D.1 In the Dataset VH and WH

  • We have corrected value labels for the variables indicating the owner of the dwelling (VH27 and WH27), please note the relevant corrections in the table below.

    Variable Label: Owner Of The Dwelling

    -2 Does not apply Does not apply
    -1 No answer No answer
    1 Self Owned Res. Property Local Govt. Apt.
    2 Local Govt. Apt. Co-Operative Apt.
    3 Co-Operative Apt. Company Apt.
    4 Company Apt.
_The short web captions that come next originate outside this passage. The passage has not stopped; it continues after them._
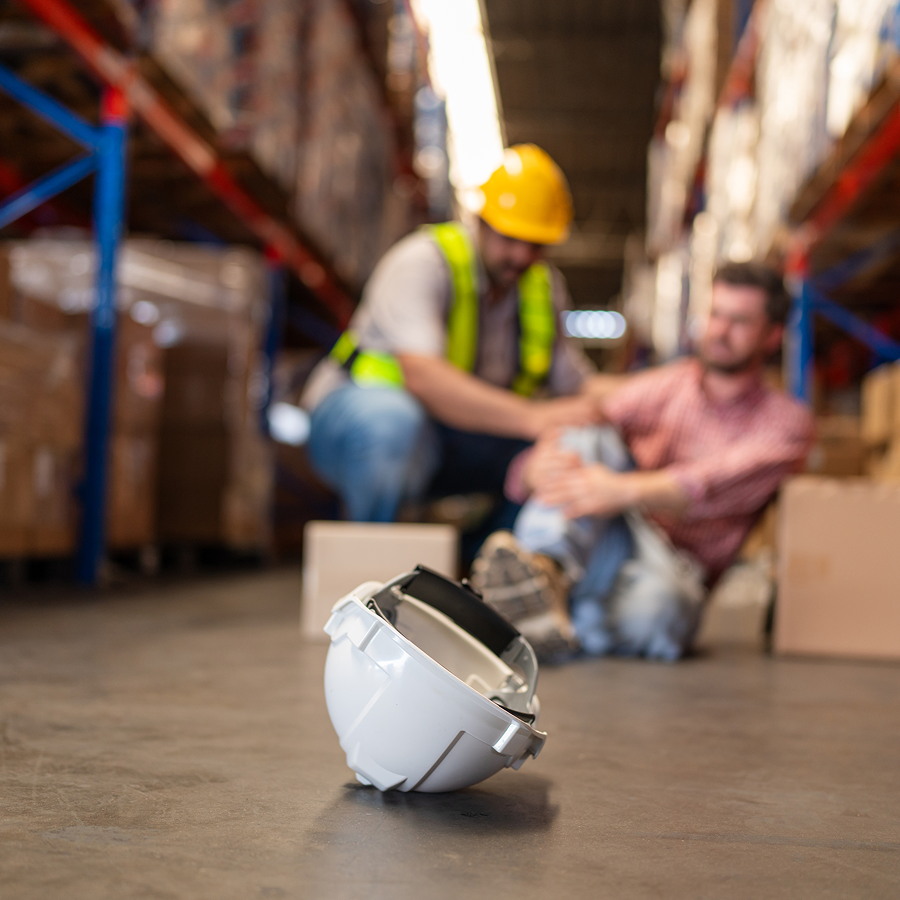 A hard hat is laying on the floor in a warehouse.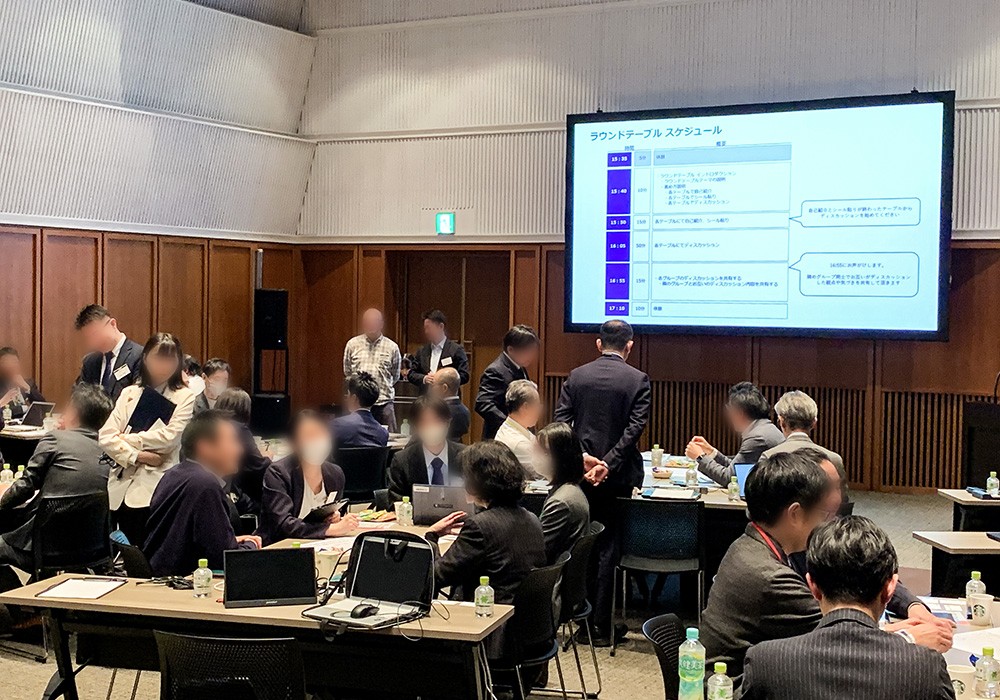 会議室で多くの参加者が座っている様子。スクリーンにはタイムテーブルのスケジュールが表示されている。参加者同士が議論や資料の確認をしている場面。
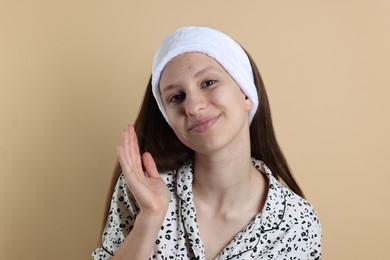 Photo of Teenage girl with acne problem on beige background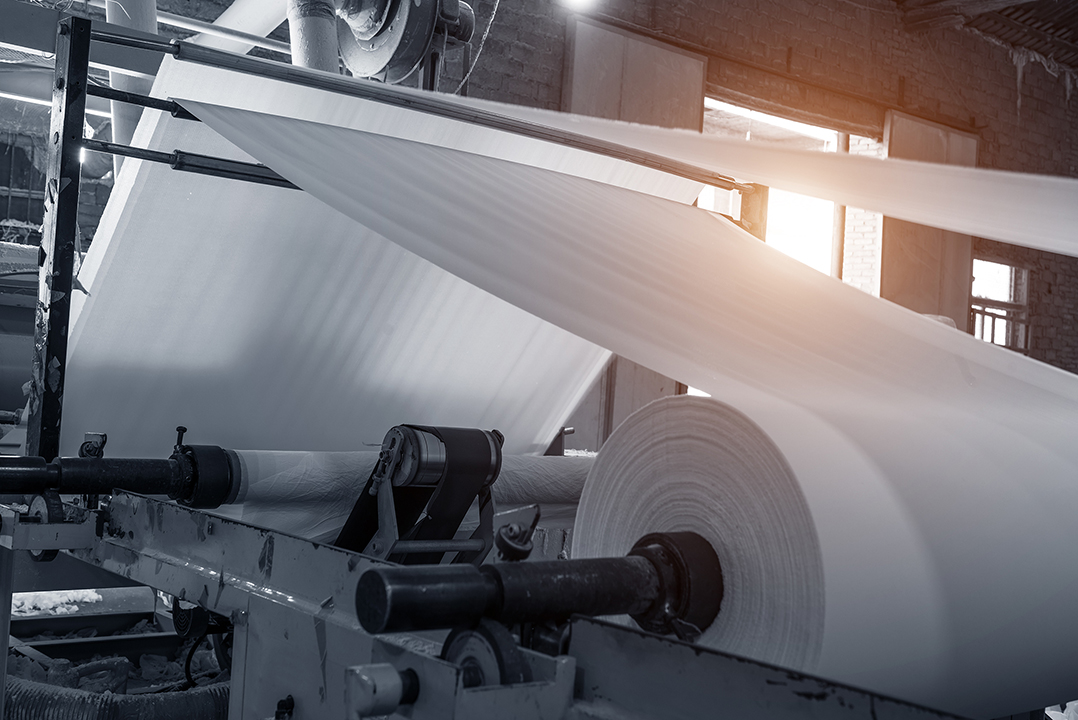 Image depicting the inside of a paper mill.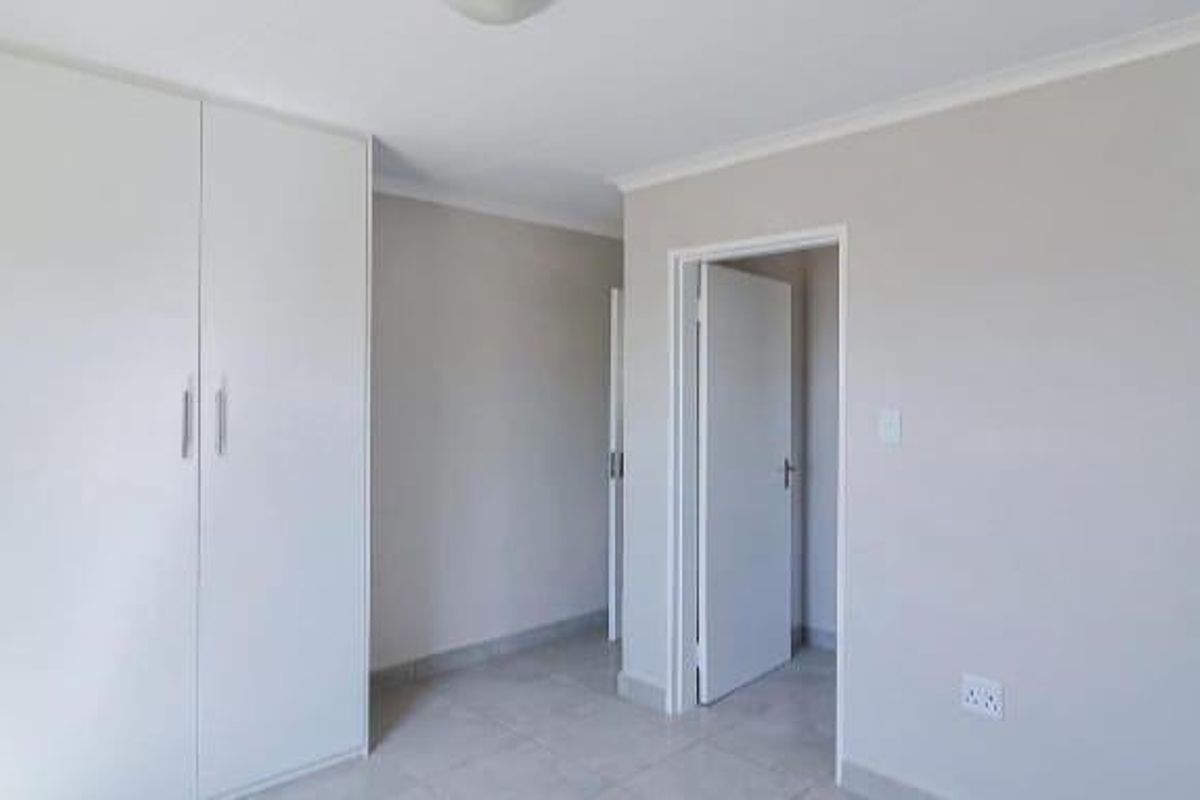 A clean, empty bedroom featuring neutral walls, tiled flooring, and ample built-in cupboard storage.
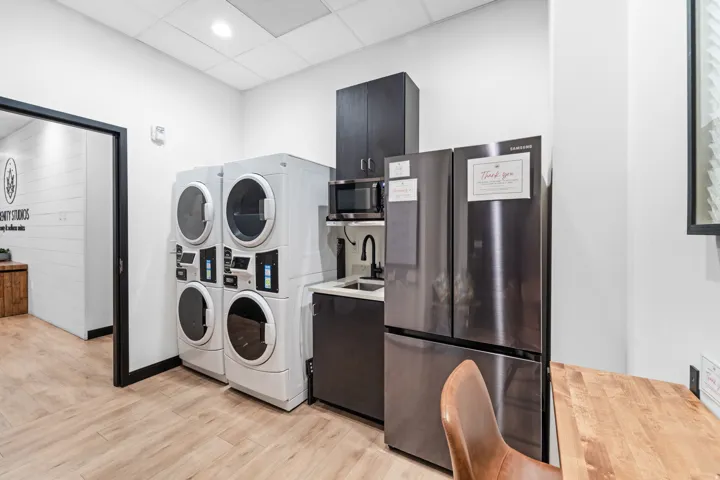 Washroom featuring a drop ceiling, stacked washer / drying machine, and recessed lighting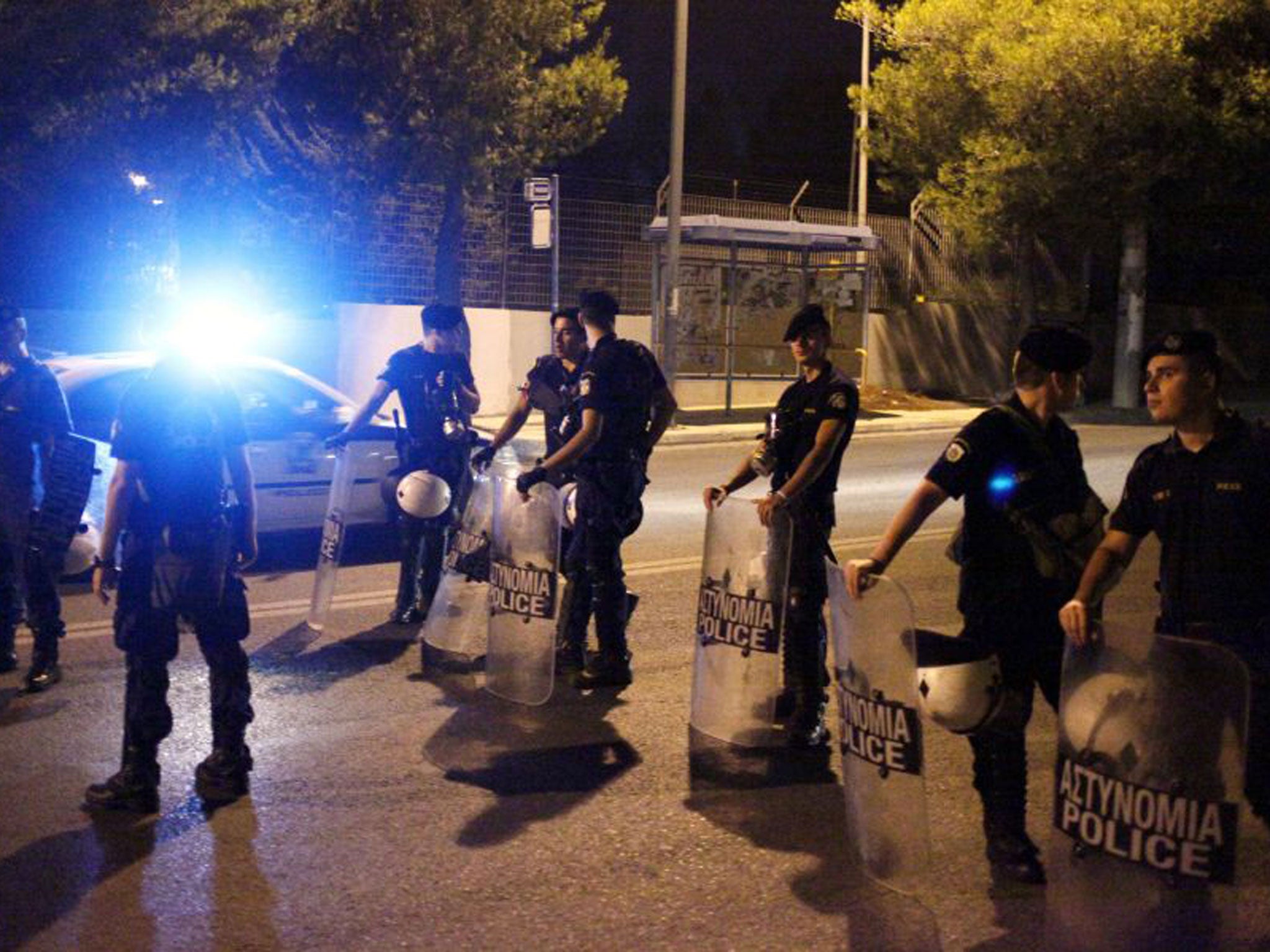 Police blocks the access to the Amygdaleza detention camp outside Athens, where some 1,200 mainly Asian migrants are kept under police guard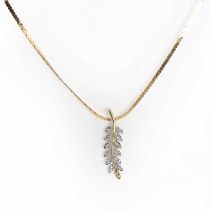 A two colour gold diamond leaf design pendant and chain,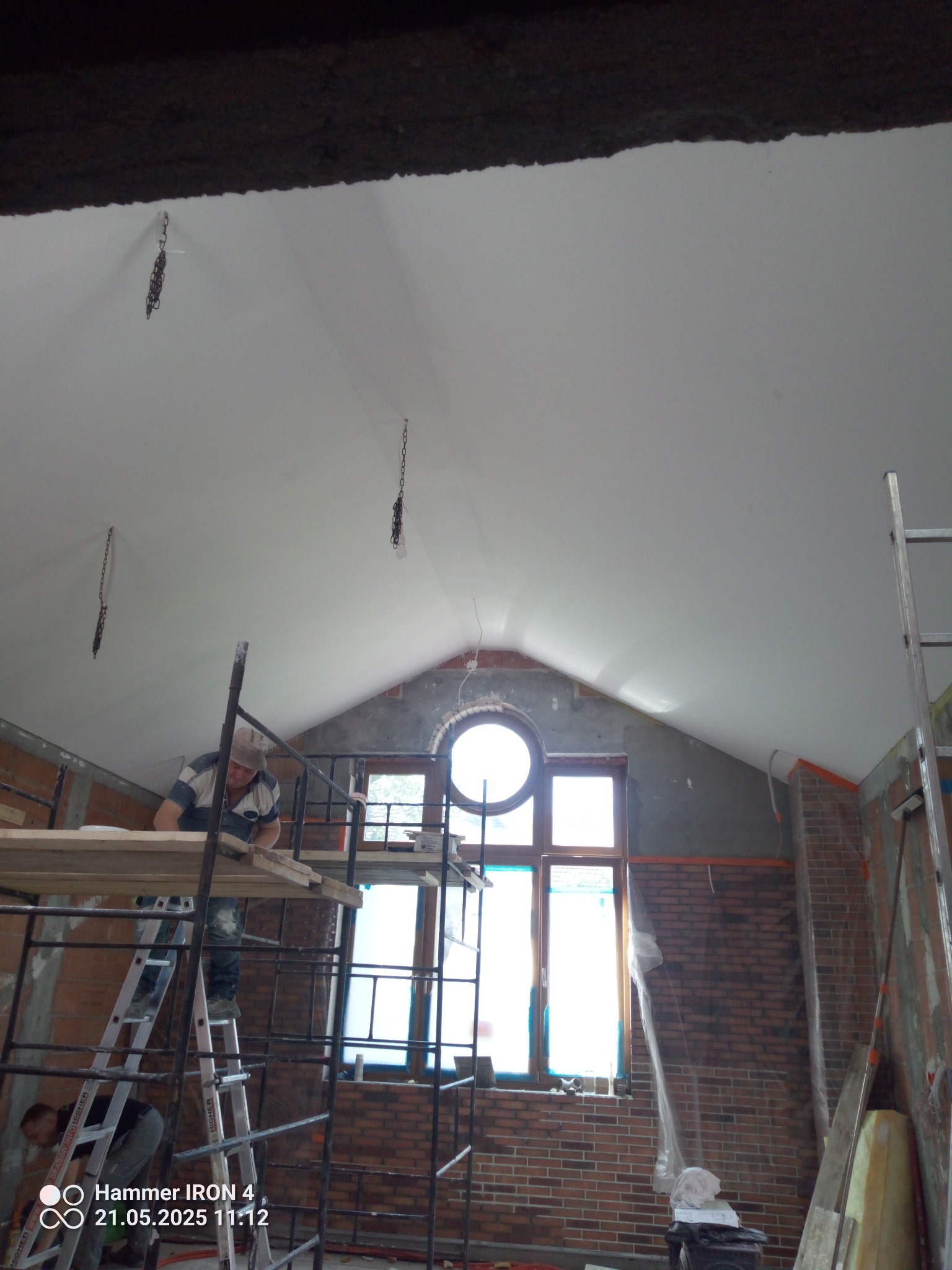 Montaż sufitu napinanego w pomieszczeniu z oknem o okrągłym kształcie. Widoczne rusztowania i pracownik podczas instalacji. Sufit biały, matowy.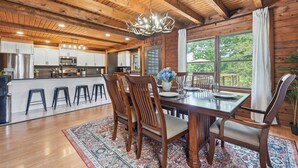Een houten chalet van binnen met een eethoek, keuken en grote ramen.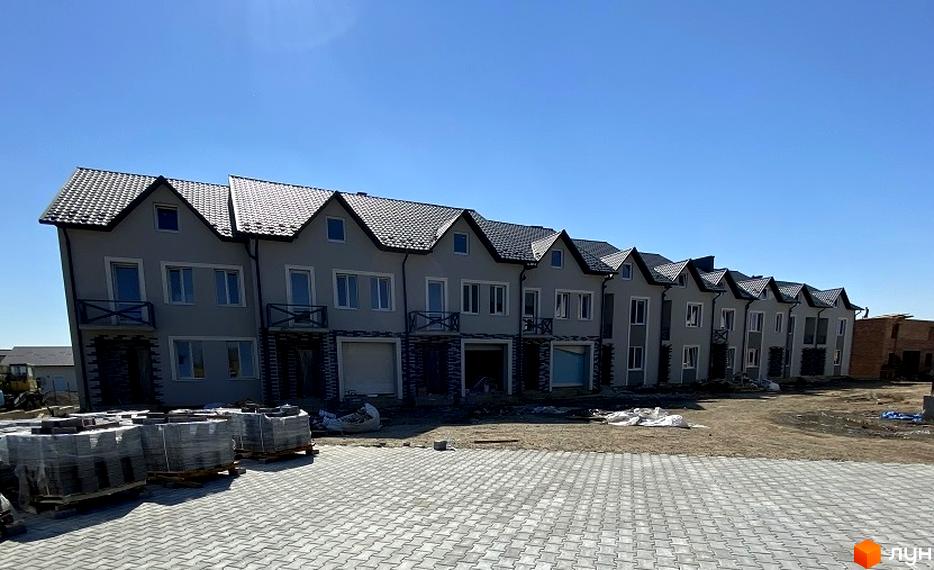 Таунхауси Hodillywood 2.0 – це ряд сірих двоповерхових будинків з темними дахами та балконами. Перед будинками розташована вимощена сіра плитка та будівельні матеріали.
Private Owner
    5 Private Owner Do Not Know

D.2 In the dataset $PGEN

  • EGP$$: The variable "Erikson and Goldthorpe Class Category" (international socio-economic index of occupational status) has been corrected with respect to the assignment of individuals to category (18) "not working - pensioner". Up to now, all pension recipients, i.e. recipients of retirement pension and recipients of widow's/orphan's pension have been erroneously classified as "not working - pensioner" if none of the other categories applied. In the corrected generation of the EGP$$ variable, which applies to all waves, non-working persons are only assigned to this category if they are recipients of a retirement pension or if they are recipients of orphan's/widow's pension AND are older than 60 years. Moreover, if there is missing information on pension receipt, additional information from ARTKALEN (retrospective information from the activity calendar for the previous year) is used in the generation process to determine if a person was in retirement or early retirement ("Vorruhestand") at the time of the interview. All other non-working persons are assigned to category (-2) "does not apply" as long as they are not registered as unemployed (category 15).
  • STIB$$: The same problem of misclassification of individuals to the category "pensioner" (13) applied to the variable for the "Occupational position", and has been corrected for all waves in the same way as for EGP$$ .
  • NACE$$: The variable for the "two-digit NACE Industry - Sector" had several inconsistencies with respect to the labeling. In particular, the labels for code (90) "Sewage And Refuse Disposal, Sanitation And Related" and code (95) "Private Households With Employed Persons" had to be swapped. Some other labels were not accurate, and have been stated more precisely for all waves.
  • IS88$$, ISEI$$, MPS$$, SIOPS$$, KLAS$$, EGP$$: The questions which refer to these variables are not asked from all employed persons annually. In the survey years 1985, 1986, 1987, 1988, 1990 (West), 1992 (West), 1994, 1996, 1999, 2001, 2003, 2005, and 2006 only those employed persons who changed jobs and first-time respondents are asked to provide up-to-date information. Hence, in years with a partial survey, these variables should contain the available previous year's information for all employed persons without a job change who did not update the information on their current occupation. However, for some individuals, the previous year's data was not used by mistake. This mistake was corrected by newly generating these variables for all the waves in an accurate and consistent way.